Oggi esce nelle sale questo film straordinario e perfetto. Ne ho già scritto da Venezia, ma rimetto qui sotto una mia recensione, leggermente cambiata da quella di due settimane fa. La cosa bella, comunque, è che Polanski continua a dimostrare di essere un gigante.
Dopo L’uomo nell’ombra Roman Polanski torna con Carnage a fare una delle cose che gli riescono meglio: là era il giallo alla Hitchcock, qui è il cinema da camera, genere d’impostazione teatrale che per il regista di La morte e la fanciulla diventa nuovamente un banco di prova per il suo straordinario talento nella messinscena cinematografica.
Carnage, tratto dalla pièce Il dio della carneficina di Yasmina Reza, è un gioco al massacro condotto nel chiuso di un appartamento di Brooklyn, con due coppie benestanti che si ritrovano per risolvere una lite scoppiata tra i loro figli e che finiscono con il riversarsi addosso fiumi di parole e cattiverie.
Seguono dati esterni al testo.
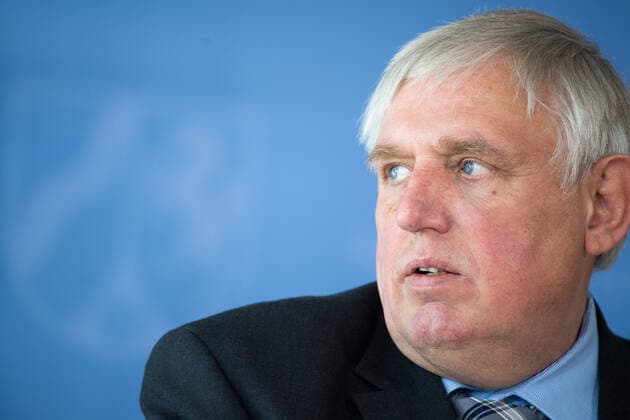 Coronavirus - Landesregierung Nordrhein-Westfalen Karl-Josef Laumann (CDU), Gesundheitsminister von Nordrhein-Westfalen, spricht während einer Pressekonferenz. Die Landesregierung äußert sich zum Stand der Massnahmen während der Coronavirus-Pandemie. Düsseldorf Nordrhein-Westfalen Deutschland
Un meccanismo forse prevedibile per come raffigura un gruppo di borghesi superficiali e ipocriti (e incapaci di uscire dal set, come nell’Angelo sterminatore di Buñuel), ma al tempo stesso implacabile per come inscena il destino della società occidentale, aggrovigliata attorno al desiderio di comprendere il mondo con le parole e destinata per questo a ripiegarsi fatalmente su se stessa.
Polanski non corre, costruisce lentamente un muro di ovvietà e gentilezze e lo erode dall’interno, portando a galla le tensioni tra le due coppie, una altoborghese e schizzinosa (Christopher Waltz e Kate Winslet), l’altra liberal e ingenua (Jodie Foster e John C. Reilly), attraverso un uso classico del campo e controcampo. Il suo vero lavoro è sulla messinscena, sullo spazio scenico e sul tempo del montaggio, sul movimento degli attori e sugli oggetti che definiscono i loro personaggi, da un cellulare a un libro, da una bottiglia di whisky a un mazzo di tulipani.
Grazie così all’abilità di Polanski nel rendere in termini visivi uno scontro fatto unicamente di parole, Carnage diventa un saggio di cinema puro: un teorema che rimanda ancora a Hitchcock per la sua precisione e che diventa puramente “polanskiano” nel momento in cui inscena un processo di imprigionamento non solo dei personaggi, ma delle immagini stesse.
Perché le immagini, sembra dire il regista, sono come le parole: richiedono responsabilità, controllo, attenzione. E se tutto, fin dalla pièce, nasce da un parola sbagliata (“armed”, armato, a proposito di un ragazzino che ha ferito un compagno con un bastone), allora il film stesso è un errore, poiché cerca di porre rimedio a una ferita affastellando inquadrature su inquadrature, scene su scene, ma ottiene l’effetto di allestire un geometrico, inesorabile rito di distruzione.